**WHAT THE TASK REQUIRES**
Copy the data word for word, keeping every line.

(INPUT DATA Opens)

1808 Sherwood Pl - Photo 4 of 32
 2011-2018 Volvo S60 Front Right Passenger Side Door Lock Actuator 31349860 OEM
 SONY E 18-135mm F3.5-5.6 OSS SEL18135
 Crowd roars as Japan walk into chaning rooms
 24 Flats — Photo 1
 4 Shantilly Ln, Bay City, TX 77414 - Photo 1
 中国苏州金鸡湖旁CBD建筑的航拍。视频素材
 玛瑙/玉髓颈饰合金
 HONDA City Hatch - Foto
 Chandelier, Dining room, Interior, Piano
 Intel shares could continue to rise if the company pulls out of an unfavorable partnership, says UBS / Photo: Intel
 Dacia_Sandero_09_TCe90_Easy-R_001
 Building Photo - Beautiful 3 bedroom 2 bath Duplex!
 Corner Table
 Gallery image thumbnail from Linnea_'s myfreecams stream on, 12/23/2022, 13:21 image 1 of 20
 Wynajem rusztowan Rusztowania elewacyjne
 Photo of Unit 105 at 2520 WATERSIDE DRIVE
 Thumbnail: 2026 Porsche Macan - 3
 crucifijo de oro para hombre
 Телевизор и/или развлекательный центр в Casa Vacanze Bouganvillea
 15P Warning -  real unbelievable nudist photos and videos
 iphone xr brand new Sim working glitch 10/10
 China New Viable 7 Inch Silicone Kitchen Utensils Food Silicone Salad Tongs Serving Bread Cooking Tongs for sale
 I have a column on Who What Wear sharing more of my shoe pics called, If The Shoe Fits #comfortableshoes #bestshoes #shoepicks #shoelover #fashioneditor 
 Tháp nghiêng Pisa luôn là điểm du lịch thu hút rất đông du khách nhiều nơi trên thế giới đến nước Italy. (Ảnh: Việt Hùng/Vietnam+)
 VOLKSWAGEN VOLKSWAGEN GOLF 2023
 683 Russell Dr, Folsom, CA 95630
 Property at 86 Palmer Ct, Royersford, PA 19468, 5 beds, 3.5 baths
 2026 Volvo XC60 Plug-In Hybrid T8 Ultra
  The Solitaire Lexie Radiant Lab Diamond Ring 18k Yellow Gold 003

(INPUT DATA Closes)

**RESULT OF THIS TASK**
1808 Sherwood Pl - Photo 4 of 32
 2011-2018 Volvo S60 Front Right Passenger Side Door Lock Actuator 31349860 OEM
 SONY E 18-135mm F3.5-5.6 OSS SEL18135
 Crowd roars as Japan walk into chaning rooms
 24 Flats — Photo 1
 4 Shantilly Ln, Bay City, TX 77414 - Photo 1
 中国苏州金鸡湖旁CBD建筑的航拍。视频素材
 玛瑙/玉髓颈饰合金
 HONDA City Hatch - Foto
 Chandelier, Dining room, Interior, Piano
 Intel shares could continue to rise if the company pulls out of an unfavorable partnership, says UBS / Photo: Intel
 Dacia_Sandero_09_TCe90_Easy-R_001
 Building Photo - Beautiful 3 bedroom 2 bath Duplex!
 Corner Table
 Gallery image thumbnail from Linnea_'s myfreecams stream on, 12/23/2022, 13:21 image 1 of 20
 Wynajem rusztowan Rusztowania elewacyjne
 Photo of Unit 105 at 2520 WATERSIDE DRIVE
 Thumbnail: 2026 Porsche Macan - 3
 crucifijo de oro para hombre
 Телевизор и/или развлекательный центр в Casa Vacanze Bouganvillea
 15P Warning -  real unbelievable nudist photos and videos
 iphone xr brand new Sim working glitch 10/10
 China New Viable 7 Inch Silicone Kitchen Utensils Food Silicone Salad Tongs Serving Bread Cooking Tongs for sale
 I have a column on Who What Wear sharing more of my shoe pics called, If The Shoe Fits #comfortableshoes #bestshoes #shoepicks #shoelover #fashioneditor 
 Tháp nghiêng Pisa luôn là điểm du lịch thu hút rất đông du khách nhiều nơi trên thế giới đến nước Italy. (Ảnh: Việt Hùng/Vietnam+)
 VOLKSWAGEN VOLKSWAGEN GOLF 2023
 683 Russell Dr, Folsom, CA 95630
 Property at 86 Palmer Ct, Royersford, PA 19468, 5 beds, 3.5 baths
 2026 Volvo XC60 Plug-In Hybrid T8 Ultra
  The Solitaire Lexie Radiant Lab Diamond Ring 18k Yellow Gold 003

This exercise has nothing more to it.